China’s foreign ministry also said that China and India have agreed to take measures to ease tensions along a disputed stretch of their border.
China has not disclosed how many casualties it suffered, though an Indian minister has said around 40 Chinese soldiers may have been killed.
However, Chinese foreign ministry spokesman Zhao Lijian also described recent media reports of 40 Chinese casualties in the conflict as “fake news”.
Indian and Chinese military commanders had met on Monday against the backdrop of public mood hardening in India for a military and economic riposte following the worst clash in more than five decades.
Senior military officials from both sides met for several hours on Monday in an attempt to reduce tensions in the Ladakh region in the western Himalayas.
“Modalities for disengagement from all friction areas in Eastern Ladakh were discussed and will be taken forward by both the sides,” the source said.
According to an Indian government source, the Indian side pushed for China to withdraw its troops back to where they were in April.
China, in previous rounds of talks, had asked India to stop all construction work in what it says is Chinese territory.
‘Calls for boycott’
Major Indian traders called for a boycott of Chinese goods and the state of Maharashtra, home to India’s financial capital of Mumbai, put three initial investment proposals from Chinese companies worth 50 billion rupees ($658 million) on hold, just days after signing the agreements.
Many in India have called for Prime Minister Narendra Modi’s nationalist government to show it will not be bullied, remembering their country’s humiliation in a brief border war against China in 1962.
Members of an Indian traders’ body made a bonfire of Chinese goods at a market in New Delhi, pushing for a nationwide boycott of products made in China.
The Confederation of All India Traders (CAIT), which represents some 70 million traders, has asked federal and state governments to support a boycott of Chinese goods and cancel government contracts awarded to Chinese companies.
“The entire nation is filled with extreme anger and intensity to give a strong befitting response to China not only militarily but also economically,” CAIT National General Secretary Praveen Khandelwal wrote in a letter to chief ministers of some Indian states.

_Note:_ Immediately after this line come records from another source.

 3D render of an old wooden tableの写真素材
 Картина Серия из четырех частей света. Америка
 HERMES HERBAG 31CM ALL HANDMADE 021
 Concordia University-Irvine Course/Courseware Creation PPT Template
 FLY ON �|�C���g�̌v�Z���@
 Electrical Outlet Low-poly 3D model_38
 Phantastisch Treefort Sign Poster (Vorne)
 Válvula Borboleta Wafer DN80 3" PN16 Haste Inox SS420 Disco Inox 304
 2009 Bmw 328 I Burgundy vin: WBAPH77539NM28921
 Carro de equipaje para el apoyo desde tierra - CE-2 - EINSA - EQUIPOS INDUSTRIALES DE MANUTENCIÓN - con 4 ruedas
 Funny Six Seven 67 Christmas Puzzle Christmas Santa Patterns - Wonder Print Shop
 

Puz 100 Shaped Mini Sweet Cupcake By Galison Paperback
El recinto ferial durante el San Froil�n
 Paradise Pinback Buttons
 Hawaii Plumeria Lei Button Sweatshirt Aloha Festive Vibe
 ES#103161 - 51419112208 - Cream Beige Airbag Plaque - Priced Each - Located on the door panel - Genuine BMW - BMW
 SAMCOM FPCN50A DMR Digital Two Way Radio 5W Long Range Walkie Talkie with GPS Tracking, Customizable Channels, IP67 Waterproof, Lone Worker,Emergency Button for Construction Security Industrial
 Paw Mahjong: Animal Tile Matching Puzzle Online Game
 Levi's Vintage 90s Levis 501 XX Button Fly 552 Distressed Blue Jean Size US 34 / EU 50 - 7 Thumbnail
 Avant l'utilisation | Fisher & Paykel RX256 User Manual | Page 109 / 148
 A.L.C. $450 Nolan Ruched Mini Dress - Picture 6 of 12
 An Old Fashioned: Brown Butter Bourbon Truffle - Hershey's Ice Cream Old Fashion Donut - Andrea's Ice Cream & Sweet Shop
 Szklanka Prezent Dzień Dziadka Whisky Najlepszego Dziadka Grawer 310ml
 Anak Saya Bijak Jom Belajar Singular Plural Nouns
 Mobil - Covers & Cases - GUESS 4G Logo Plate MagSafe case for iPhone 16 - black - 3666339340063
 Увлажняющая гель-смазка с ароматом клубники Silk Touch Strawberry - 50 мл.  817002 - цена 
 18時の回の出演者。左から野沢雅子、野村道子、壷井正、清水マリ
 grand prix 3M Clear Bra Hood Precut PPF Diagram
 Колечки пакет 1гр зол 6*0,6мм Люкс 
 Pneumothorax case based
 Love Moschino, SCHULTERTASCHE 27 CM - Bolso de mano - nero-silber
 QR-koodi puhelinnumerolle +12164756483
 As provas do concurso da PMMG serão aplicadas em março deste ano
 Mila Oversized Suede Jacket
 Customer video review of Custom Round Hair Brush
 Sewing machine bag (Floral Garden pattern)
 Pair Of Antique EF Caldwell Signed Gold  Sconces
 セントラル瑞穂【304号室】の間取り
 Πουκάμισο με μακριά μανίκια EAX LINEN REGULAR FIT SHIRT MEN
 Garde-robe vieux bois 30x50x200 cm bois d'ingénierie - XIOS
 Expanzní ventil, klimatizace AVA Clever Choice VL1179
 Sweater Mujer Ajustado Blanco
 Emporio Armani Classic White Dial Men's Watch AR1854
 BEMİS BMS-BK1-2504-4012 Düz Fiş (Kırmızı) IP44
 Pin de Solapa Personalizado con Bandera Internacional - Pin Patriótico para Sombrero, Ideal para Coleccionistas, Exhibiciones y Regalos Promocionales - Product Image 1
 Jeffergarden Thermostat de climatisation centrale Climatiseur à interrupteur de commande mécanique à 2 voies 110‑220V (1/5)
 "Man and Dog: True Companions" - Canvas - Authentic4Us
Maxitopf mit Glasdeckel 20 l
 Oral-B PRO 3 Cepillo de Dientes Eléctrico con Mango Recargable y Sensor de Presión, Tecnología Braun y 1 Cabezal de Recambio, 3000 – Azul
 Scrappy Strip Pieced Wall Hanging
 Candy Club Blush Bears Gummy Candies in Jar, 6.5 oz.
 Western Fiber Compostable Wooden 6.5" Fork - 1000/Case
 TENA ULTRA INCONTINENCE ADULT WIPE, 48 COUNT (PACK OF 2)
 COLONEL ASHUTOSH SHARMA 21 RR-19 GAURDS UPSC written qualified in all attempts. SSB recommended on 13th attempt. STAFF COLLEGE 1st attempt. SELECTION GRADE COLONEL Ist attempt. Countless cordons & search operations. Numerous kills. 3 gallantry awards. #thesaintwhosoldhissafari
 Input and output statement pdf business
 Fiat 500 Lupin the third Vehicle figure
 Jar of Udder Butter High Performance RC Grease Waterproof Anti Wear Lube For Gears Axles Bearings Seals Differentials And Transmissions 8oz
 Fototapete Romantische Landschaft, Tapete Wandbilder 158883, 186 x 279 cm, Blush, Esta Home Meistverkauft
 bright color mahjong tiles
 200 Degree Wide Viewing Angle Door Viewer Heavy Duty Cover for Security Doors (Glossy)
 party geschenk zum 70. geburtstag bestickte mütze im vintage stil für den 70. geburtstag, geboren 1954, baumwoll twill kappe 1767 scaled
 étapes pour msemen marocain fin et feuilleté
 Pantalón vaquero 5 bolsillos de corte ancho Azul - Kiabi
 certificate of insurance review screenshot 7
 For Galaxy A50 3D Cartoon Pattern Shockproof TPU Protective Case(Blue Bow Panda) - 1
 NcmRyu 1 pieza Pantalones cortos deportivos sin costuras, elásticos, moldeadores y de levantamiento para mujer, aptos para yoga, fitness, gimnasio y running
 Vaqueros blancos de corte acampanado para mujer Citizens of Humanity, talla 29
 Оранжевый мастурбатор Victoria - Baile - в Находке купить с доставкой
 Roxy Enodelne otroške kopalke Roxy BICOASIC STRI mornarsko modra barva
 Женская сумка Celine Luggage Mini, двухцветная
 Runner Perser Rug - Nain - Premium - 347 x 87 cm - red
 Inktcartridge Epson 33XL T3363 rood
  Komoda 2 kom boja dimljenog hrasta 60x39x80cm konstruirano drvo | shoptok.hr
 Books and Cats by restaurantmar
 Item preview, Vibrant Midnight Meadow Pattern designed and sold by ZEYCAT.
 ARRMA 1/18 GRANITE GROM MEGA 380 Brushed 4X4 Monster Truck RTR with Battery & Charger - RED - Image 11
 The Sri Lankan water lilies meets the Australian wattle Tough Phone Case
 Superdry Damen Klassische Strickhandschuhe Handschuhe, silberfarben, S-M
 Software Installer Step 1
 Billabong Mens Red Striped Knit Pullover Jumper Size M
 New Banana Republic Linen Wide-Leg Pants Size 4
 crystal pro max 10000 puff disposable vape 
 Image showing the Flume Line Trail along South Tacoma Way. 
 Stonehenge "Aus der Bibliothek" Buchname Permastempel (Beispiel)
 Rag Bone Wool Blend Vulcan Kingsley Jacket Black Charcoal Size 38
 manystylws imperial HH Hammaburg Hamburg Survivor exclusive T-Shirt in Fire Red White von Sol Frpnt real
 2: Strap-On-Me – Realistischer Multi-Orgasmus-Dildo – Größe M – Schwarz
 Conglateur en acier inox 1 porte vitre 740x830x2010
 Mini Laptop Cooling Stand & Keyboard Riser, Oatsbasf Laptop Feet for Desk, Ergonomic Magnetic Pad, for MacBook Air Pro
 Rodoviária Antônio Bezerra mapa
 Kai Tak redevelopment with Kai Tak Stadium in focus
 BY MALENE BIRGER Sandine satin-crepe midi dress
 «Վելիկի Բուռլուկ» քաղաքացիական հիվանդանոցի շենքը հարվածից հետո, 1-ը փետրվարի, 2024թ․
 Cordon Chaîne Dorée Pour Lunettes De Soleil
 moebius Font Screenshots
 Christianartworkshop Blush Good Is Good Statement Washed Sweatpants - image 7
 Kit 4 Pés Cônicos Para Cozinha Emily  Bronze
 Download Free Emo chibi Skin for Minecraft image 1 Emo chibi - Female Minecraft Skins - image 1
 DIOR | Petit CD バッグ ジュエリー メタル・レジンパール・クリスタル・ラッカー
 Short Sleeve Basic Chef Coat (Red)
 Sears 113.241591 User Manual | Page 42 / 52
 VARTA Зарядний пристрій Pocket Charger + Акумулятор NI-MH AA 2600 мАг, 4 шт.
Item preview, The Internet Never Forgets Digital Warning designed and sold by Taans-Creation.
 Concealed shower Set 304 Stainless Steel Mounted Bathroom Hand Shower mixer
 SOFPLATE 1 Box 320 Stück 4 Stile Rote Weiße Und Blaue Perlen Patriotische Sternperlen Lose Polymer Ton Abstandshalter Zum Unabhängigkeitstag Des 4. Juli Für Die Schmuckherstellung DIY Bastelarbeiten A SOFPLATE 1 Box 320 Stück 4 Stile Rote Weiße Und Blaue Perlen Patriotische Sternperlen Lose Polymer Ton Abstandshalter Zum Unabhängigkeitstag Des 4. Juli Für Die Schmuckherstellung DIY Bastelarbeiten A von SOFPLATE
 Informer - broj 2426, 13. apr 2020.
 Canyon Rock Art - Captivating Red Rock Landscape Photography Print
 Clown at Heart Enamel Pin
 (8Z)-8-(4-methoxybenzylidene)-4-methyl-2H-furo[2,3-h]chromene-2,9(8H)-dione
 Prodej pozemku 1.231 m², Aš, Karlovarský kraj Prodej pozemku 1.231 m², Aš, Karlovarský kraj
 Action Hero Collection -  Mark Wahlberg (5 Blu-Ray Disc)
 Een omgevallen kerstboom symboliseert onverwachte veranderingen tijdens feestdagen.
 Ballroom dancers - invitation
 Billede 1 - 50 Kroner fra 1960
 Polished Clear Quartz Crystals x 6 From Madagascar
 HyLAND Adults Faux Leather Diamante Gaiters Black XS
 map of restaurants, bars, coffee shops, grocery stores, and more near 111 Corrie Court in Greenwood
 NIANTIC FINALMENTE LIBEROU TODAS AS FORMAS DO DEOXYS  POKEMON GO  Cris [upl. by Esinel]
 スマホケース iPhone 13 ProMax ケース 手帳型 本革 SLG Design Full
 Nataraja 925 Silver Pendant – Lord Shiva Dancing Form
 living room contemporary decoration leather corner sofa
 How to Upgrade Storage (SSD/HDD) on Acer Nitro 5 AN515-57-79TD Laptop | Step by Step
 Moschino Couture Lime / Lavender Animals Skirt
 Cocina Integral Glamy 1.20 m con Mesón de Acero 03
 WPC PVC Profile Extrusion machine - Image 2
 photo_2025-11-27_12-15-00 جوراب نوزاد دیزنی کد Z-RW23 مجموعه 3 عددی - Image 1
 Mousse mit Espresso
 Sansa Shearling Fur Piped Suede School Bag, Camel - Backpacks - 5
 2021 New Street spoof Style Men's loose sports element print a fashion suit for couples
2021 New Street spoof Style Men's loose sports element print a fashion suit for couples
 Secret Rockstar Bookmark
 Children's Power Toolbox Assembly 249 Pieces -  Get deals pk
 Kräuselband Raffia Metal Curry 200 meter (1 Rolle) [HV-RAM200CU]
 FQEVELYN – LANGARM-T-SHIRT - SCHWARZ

In prosperous Maharashtra, the government said it was putting three investment plans, including from Great Wall Motor Co, on hold.
“In the current environment we will wait for the federal government to announce a clear policy regarding these projects,” industries minister Subhash Desai said.
China is India’s second-biggest trading partner, with bilateral trade worth $87 billion in the fiscal year ending March 2019, and a trade deficit of $53.57 billion in China’s favour, the widest India has with any country.